Directions:
Go to the line that contains "Chrysanthemum By Durgin" in the listing below, then output it and every line after it exactly, omitting pictures.

Dataset extract:
-- Opening Marker --
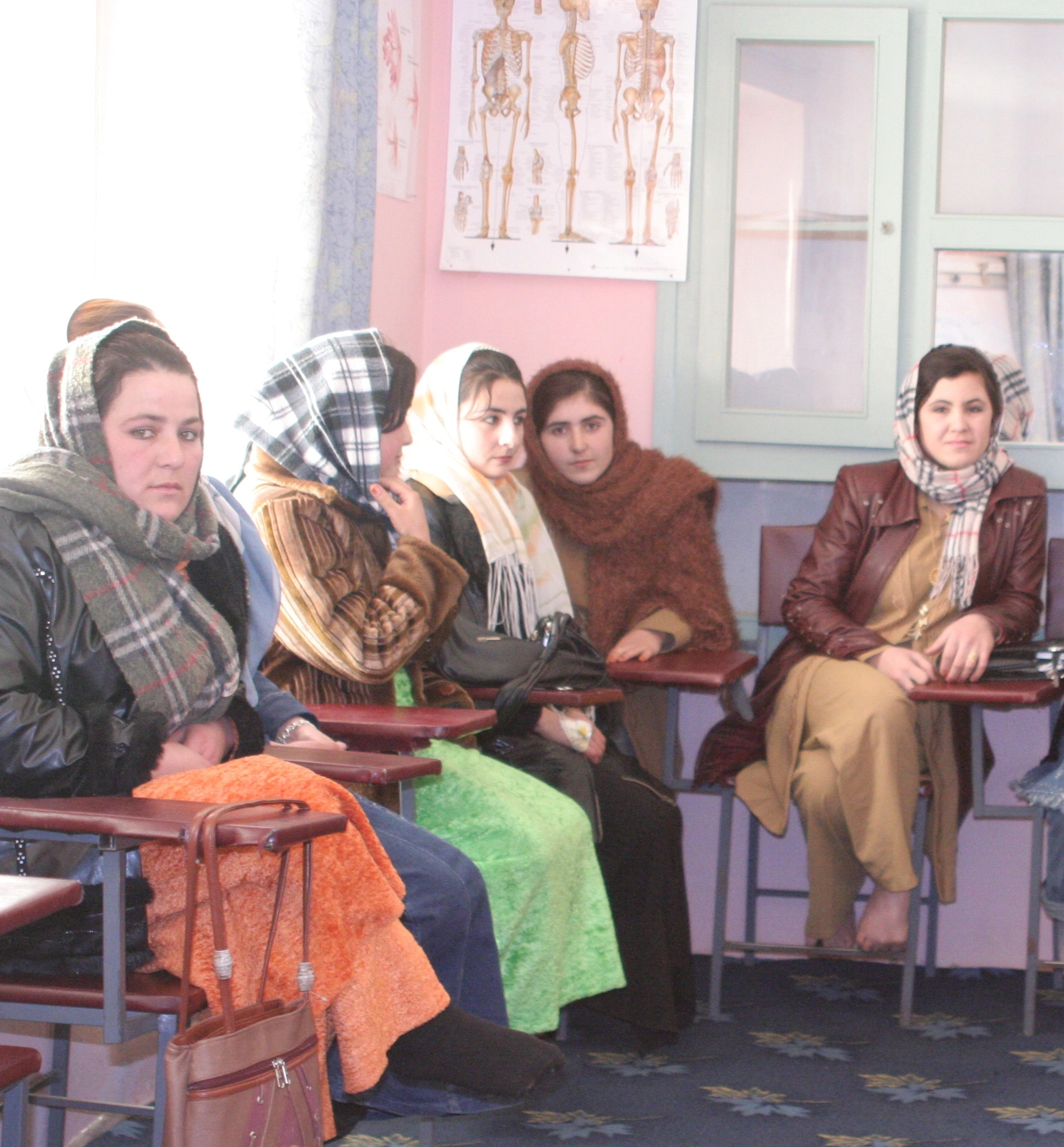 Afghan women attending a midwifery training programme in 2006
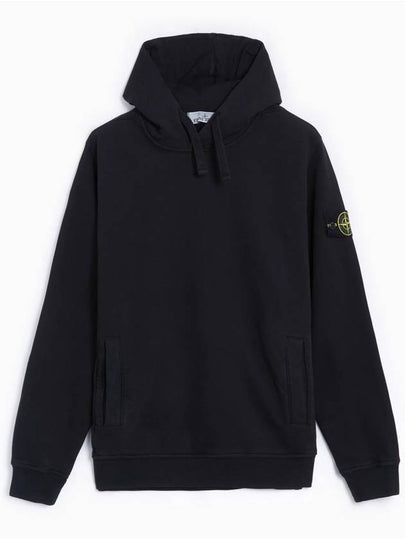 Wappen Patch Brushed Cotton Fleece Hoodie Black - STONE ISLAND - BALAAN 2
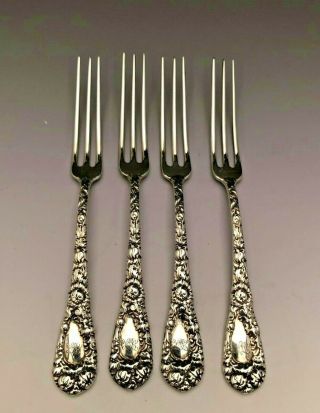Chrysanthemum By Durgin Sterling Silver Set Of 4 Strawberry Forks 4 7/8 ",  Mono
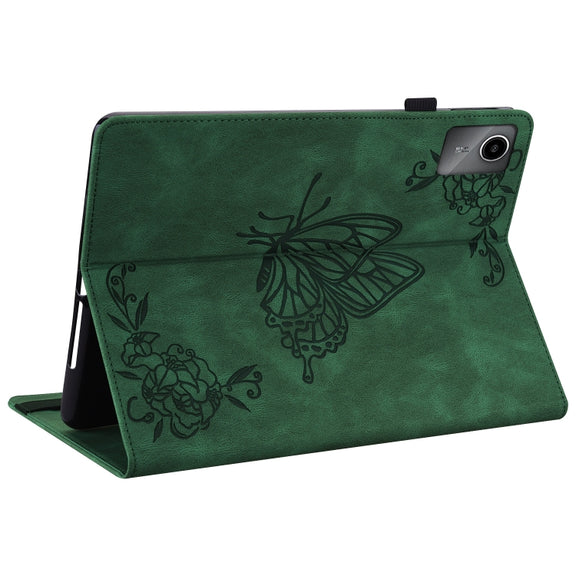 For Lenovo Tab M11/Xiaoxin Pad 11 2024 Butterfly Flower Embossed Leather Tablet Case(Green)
-- Closing Marker --
Response box:
Chrysanthemum By Durgin Sterling Silver Set Of 4 Strawberry Forks 4 7/8 ",  Mono
 For Lenovo Tab M11/Xiaoxin Pad 11 2024 Butterfly Flower Embossed Leather Tablet Case(Green)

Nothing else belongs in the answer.